In this article, I'll guide you through using the objects interface, this new feature that makes your data visualization process more effortless, flexible, and enjoyable. Let's get started!
Seaborn API: Then and Now
Before diving into the objects interface API, let's systematically look at the differences between the Seaborn API of earlier versions and the 0.12 version.
The original API
Many readers might have been intimidated by Matplotlib's complex API documentation when learning Python data visualization.
Seaborn simplifies this by wrapping and streamlining Matplotlib's API, making the learning curve gentler.
Seaborn doesn't just offer high-level encapsulation of Matplotlib; it also categorizes all charts into relational, distributional, and categorical scenarios.
You should comprehensively understand Seaborn's API through this diagram and know when to use which chart.
For example, a histplot
representing data distribution would fall under the distribution chart category.
In contrast, a violinplot
representing data features by category would be classified as a categorical chart.
Aside from vertical categorization, Seaborn also performs horizontal categorization: Figure-level
and axes-level
.
According to the official website, axes-level
charts are drawn on matplotlib.pyplot.axes
and can only draw one figure.
In contrast, Figure-level
charts use Matplotlib's FacetGrid
to draw multiple charts in one figure, facilitating easy comparison of similar data dimensions.
However, even though Seaborn's API significantly simplifies chart drawing through encapsulating Matplotlib, creating an individual-specific chart still requires complex configurations.
For example, if I use Seaborn's built-in penguins
dataset to draw a histplot
, the code is as follows:
sns.histplot(penguins, x="flipper_length_mm", hue="species");
And when I use the same dataset to draw a kdeplot
, the code is as follows:
sns.kdeplot(penguins, x="flipper_length_mm", fill=True, hue="species");
Except for the chart API, the rest of the configurations are identical.
This is like telling the chef I want to use lamb chops and onions to make a lamb soup and specifying the cooking steps. When I want to use these ingredients to make a roasted lamb chop, I have to tell the chef about the ingredients and the cooking steps all over again.
Not only is it inefficient, but it also needs more flexibility.
That's why Seaborn introduced the objects interface API in its 0.12 version. This declarative graphic syntax dramatically improves the process of creating a chart.
The objects Interface API
Before we start with the objects interface API, let's take a high-level look at it to better understand the drawing process.

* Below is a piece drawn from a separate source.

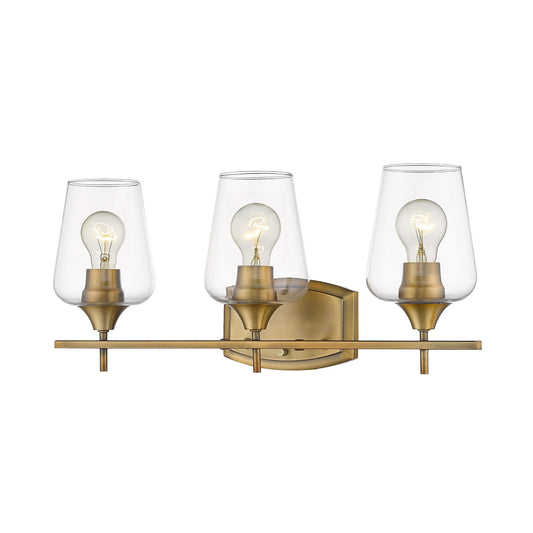 Z-Lite Joliet 22" 3-Light Olde Brass Vanity Light With Clear Glass Shade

Unlike the original Seaborn API, which organizes the drawing API by classification, the objects interface API collects the API by a drawing pipeline.
The objects interface API divides the drawing into multiple stages, such as data binding, layout, presentation, customization, etc.
The data binding and presentation stages are necessary, while other stages are optional.
Also, since the stages are independent, each stage can be reused. Following the previous example of the hist and kde plots:
To use the objects interface to draw, we first need to bind the data:
p = so.Plot(penguins, x="flipper_length_mm", color="species")
From this line of code, we can see that the objects interface uses the so.Plot
class for data binding.
Also, compared to the original API that uses the incomprehensible hue
parameter, it uses the color
parameter to bind the species
dimension directly to the chart color, making the configuration more intuitive.
Finally, this line of code returns a p
instance that can be reused to draw a chart.
Next, let's draw a histplot
:
p.add(so.Bars(), so.Hist())
This line of code shows that the drawing stage does not need to rebind the data. We just need to tell the add
method what to draw: so.Bars()
, and how to calculate it: so.Hist()
.
The add
method also returns a copy of the Plot
instance, so any adjustments in the add
method will not affect the original data binding. The p
instance can still be reused.
Therefore, we continue to call the p.add()
method to draw a kdeplot
:
p.add(so.Area(), so.KDE())
Since KDE
is a way of statistic, so.KDE()
is called on the stat
parameter here. And since the kdeplot
itself is an area plot, so.Area()
is used for drawing.
We reused the p
instance bound to the data, so there is no need to tell the chef how to cook each dish, but to directly say what we want. Isn't it much more concise and flexible?
Unpacking the Objects Interface with Examples
Next, see how some common charts are written using the original Seaborn API and the objects interface API.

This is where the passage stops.